The main idea is to replace mechanical louvers by a more architectural shading screen, whose shading factor to be correlated to the irradiation. The track we are following is using bimetal elements, like the work of Doris Sungs

We have already established the physical behaviour of the bimetal element, in function of the temperature and determined the best size and shape for tiles to sustain wind pressure. The shapes we have kept are triangle, rectangle, and trapeze. So we are able to make a grasshopper component that gives the shape as an output of a temperature input.

Next problem is to determine the temperature of the bimetal tile exposed to sun, air temperature and speed. As a first step, I will suppose air is calm, so I believe the main factor for temperature raise is sun exposure.

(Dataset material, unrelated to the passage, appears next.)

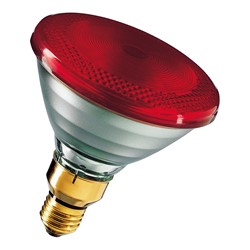 Zeige Details für PAR 38 Infrarotlampen 230V 150W E27 Bild von PAR 38 Infrarotlampen 230V 150W E27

Do you have any idea to start that work ?

Thanks to you all.

Regards

What about starting from creating a simple energy model to calculate the hourly temperature of the surfaces?

You can also calculate hourly radiation on the surface (using radiance or daysim) and use that to calculate the surface temperature based on your material properties if you have your own formulas to calculate the temperature.

Frehel,

This is an interesting question. Air temperature and wind speed you get from the EPW file. To get surface temperatures, the best suggestion that I have is what Mostapha mentioned: you create a HBZone that is covered in your material and look at the hourly surface temperatures that you get out of the simulation.

Eventually, there may be a simpler workflow as I am currently working on a couple of components to help estimate surface temperatures given steady state assumptions. I have not yet put in the ability to account for direct sun yet, though, and I don’t know if the movement of the sun across the sky means that such a steady state estimate would be too inaccurate. In the meantime, the transient E+ simulation is your best bet.